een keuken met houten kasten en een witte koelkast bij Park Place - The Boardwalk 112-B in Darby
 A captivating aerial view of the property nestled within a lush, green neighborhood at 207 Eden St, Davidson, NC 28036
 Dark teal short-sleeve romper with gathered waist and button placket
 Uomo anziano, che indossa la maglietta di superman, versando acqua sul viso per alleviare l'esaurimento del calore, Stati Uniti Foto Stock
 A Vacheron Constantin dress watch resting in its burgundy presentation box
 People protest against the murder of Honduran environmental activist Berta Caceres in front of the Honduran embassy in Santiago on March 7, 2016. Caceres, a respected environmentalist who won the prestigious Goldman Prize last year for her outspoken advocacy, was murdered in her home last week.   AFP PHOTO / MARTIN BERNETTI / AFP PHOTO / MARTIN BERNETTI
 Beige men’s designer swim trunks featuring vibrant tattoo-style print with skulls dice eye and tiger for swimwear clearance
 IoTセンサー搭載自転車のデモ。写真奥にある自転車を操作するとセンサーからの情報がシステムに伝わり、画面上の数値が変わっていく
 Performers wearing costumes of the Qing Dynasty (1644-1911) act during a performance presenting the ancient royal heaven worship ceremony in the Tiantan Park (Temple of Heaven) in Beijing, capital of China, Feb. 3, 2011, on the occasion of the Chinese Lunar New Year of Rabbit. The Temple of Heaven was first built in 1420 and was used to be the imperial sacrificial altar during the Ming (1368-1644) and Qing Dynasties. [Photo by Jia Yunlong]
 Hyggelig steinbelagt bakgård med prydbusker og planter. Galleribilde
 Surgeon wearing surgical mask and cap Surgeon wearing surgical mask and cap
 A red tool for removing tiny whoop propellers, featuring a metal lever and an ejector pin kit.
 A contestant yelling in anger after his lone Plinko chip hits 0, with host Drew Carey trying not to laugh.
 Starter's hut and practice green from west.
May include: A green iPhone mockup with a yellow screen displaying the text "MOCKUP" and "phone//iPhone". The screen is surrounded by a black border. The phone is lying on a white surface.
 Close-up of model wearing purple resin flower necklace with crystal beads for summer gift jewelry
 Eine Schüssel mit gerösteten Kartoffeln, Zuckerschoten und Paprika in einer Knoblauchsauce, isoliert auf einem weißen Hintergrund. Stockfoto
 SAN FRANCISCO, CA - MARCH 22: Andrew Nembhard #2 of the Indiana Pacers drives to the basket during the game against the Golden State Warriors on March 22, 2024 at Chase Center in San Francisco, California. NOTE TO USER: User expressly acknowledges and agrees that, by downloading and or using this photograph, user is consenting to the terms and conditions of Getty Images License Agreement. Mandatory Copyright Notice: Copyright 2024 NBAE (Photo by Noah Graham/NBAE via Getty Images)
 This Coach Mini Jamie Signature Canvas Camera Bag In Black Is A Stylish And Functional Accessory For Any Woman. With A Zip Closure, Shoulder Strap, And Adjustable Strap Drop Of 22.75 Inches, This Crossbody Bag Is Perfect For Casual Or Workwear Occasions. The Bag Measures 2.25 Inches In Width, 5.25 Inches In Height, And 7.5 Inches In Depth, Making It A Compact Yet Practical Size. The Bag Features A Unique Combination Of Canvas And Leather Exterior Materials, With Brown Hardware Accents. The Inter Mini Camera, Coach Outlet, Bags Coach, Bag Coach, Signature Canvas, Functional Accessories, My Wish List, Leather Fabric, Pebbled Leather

§ §

◆ Task statement ◆
Each line from the beginning of the entries to the line with "Beige men’s designer" must be repeated exactly, with both end lines kept and no other lines given.

◆ Response ◆
een keuken met houten kasten en een witte koelkast bij Park Place - The Boardwalk 112-B in Darby
 A captivating aerial view of the property nestled within a lush, green neighborhood at 207 Eden St, Davidson, NC 28036
 Dark teal short-sleeve romper with gathered waist and button placket
 Uomo anziano, che indossa la maglietta di superman, versando acqua sul viso per alleviare l'esaurimento del calore, Stati Uniti Foto Stock
 A Vacheron Constantin dress watch resting in its burgundy presentation box
 People protest against the murder of Honduran environmental activist Berta Caceres in front of the Honduran embassy in Santiago on March 7, 2016. Caceres, a respected environmentalist who won the prestigious Goldman Prize last year for her outspoken advocacy, was murdered in her home last week.   AFP PHOTO / MARTIN BERNETTI / AFP PHOTO / MARTIN BERNETTI
 Beige men’s designer swim trunks featuring vibrant tattoo-style print with skulls dice eye and tiger for swimwear clearance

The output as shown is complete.